To read first 4 lines,
 
readLines("test.csv", n = 4)
 
[1] "\"V1\",\"V2\""            "\"F\",-0.578643919152124"
[3] "\"E\",0.247290774914572"  "\"U\",0.274830888945797" 
 

scan() is similar to readLines() but treat each cell as an item, hence the output does not group elements by rows.
 

scan("test.csv", what = "list", nlines = 4)

Read 8 items
[1] "V1"                  ",\"V2\""             "F"                
[4] ",-0.578643919152124" "E"                   ",0.247290774914572"
[7] "U"                   ",0.274830888945797" 
 
To skip first 2 lines and read next 4 lines (note the header is treated as line 1 when skipping),
 
scan("test.csv", what = "list", nlines = 4, skip = 2)
 
Read 8 items
[1] "E"                   ",0.247290774914572"  "U"                
[4] ",0.274830888945797"  "R"                   ",1.179155856395"  
[7] "K"                   ",-0.125859842900427"

 
If file is compressed, e.g. gzip, use gzfile().
 
To read files in,
 
read.csv(gzfile("test.csv.gz", "r"))

 
To write into the gz file,
  
a <- gzfile("test.csv.gz", "w")
  
cat("New1, 1111 \n New2, 22222\n", file = a)








Tuesday, 15 August 2017

Creating combinations of elements using expand.grid

To generate all combinations of elements from a pair or multiples of vectors, use expand.grid().
 
 
expand.grid(c(1:3), LETTERS[1:3]) 
 

  Var1 Var2
1    1    A
2    2    A
3    3    A
4    1    B
5    2    B
6    3    B
7    1    C
8    2    C
9    3    C
 
   
 
 
expand.grid(c(1:3),LETTERS[1:3],letters[1:2])
 
 
   Var1 Var2 Var3
1     1    A    a
2     2    A    a
3     3    A    a
4     1    B    a
5     2    B    a
6     3    B    a
7     1    C    a
8     2    C    a
9     3    C    a
10    1    A    b
11    2    A    b
12    3    A    b
13    1    B    b
14    2    B    b
15    3    B    b
16    1    C    b
17    2    C    b
18    3    C    b

 
 


Tuesday, 29 November 2016

data.table

data.table package allows R to handle very large data sets, typically 10's or 100's of millions of rows, efficiently.
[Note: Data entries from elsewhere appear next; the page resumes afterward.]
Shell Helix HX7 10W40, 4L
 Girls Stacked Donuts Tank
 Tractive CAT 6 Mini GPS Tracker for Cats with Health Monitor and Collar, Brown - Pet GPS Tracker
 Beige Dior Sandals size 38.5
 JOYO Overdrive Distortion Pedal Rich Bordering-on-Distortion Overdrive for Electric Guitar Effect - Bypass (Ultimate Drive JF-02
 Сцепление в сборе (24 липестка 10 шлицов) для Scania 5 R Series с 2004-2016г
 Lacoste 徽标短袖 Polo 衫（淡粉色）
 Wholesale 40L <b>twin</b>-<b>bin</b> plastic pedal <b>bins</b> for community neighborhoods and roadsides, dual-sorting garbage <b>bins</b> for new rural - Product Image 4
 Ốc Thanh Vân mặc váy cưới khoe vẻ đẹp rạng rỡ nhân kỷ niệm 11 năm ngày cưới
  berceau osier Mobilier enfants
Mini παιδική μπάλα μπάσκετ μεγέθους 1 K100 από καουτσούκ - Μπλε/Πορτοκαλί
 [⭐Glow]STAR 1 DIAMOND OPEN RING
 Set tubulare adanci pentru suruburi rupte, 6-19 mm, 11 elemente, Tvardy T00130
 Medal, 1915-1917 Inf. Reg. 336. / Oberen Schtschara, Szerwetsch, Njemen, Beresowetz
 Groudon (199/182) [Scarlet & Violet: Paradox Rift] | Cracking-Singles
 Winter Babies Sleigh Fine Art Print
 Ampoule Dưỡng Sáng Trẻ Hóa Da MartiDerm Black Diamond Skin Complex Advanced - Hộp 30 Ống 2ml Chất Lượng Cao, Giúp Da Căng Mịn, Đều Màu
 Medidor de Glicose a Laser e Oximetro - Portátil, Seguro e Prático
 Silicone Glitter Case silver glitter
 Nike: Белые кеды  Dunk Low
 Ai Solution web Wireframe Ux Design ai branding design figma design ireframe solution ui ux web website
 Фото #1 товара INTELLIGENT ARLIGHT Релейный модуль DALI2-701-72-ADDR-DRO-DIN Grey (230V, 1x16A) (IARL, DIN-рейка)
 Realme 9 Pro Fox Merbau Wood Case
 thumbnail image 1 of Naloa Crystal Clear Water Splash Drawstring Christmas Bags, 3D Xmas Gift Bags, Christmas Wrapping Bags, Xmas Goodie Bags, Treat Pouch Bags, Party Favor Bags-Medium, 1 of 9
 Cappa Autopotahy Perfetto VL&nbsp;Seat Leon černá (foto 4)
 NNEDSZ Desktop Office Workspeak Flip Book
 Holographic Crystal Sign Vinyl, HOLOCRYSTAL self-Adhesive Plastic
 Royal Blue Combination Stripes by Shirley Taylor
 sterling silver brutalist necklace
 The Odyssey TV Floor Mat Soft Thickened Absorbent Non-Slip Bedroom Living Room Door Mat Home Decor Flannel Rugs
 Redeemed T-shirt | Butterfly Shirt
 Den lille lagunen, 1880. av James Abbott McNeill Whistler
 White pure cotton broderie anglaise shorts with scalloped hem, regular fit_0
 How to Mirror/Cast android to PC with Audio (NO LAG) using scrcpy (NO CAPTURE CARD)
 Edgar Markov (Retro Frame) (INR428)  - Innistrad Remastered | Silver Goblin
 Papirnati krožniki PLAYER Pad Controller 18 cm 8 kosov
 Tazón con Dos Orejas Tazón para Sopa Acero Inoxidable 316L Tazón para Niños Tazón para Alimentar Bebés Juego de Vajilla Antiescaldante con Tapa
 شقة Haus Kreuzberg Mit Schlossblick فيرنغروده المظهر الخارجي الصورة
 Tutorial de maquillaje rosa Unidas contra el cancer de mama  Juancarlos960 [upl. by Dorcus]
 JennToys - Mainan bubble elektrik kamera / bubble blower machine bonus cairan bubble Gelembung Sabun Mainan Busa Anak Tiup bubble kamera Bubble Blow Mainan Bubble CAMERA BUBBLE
This includes loading/importing the data and aggregating the data.
 
To import a flat file with very large number of rows, data.table provides fread function.
 
library(data.table)
Data<- fread("data.csv", sep = ",", header = TRUE)

  
To aggregate the data set: 
  
Agg <- as.data.table(iris)[, list(Avg_Sepal_Length = mean(Sepal.Length)), by = "Species"]
 
When aggregating multiple columns at the same time:
 
AggMC <- as.data.table(iris)[, list(Avg_Sepal_Length = mean(Sepal.Length), Avg_Petal_Length = mean(Petal.Length)), by = "Species"]
 
When aggregating all columns other than the grouping column:
 
AggAC <- as.data.table(iris)[, lapply(.SD, mean), by = "Species"]
 
   
When aggregating by multiple grouping columns:

AggMCMG <- as.data.table(CO2)[, list(Avg_Conc = mean(conc), Total_Uptake = sum(uptake)), by = c("Plant", "Type")]





Tuesday, 25 October 2016

Passing parameters to R script from command line


To pass parameters to the R script when running the script from the command line, commandArgs( ) can be used.

Example: 

Save the below script in a file called 'DateRange.r'

Para <- commandArgs() 
DATE <- as.Date(as.character(Para[6]), format = "%Y%m%d")
N <- as.numeric(Para[7])
DateRge <- data.frame(Date = seq(from = DATE, length.out = N, by = 1), Value = rnorm(N))

Then, run the below command with the parameters inserted at the end


For Windows

If the below path is saved in your environment variable, you can simply use 'Rscript' without writing out the full path.

"C:\Program Files\R\R-3.2.3\bin\Rscript.exe" DateRange.r [date in yyyymmdd format (DATE)] [length of sequence (N)] 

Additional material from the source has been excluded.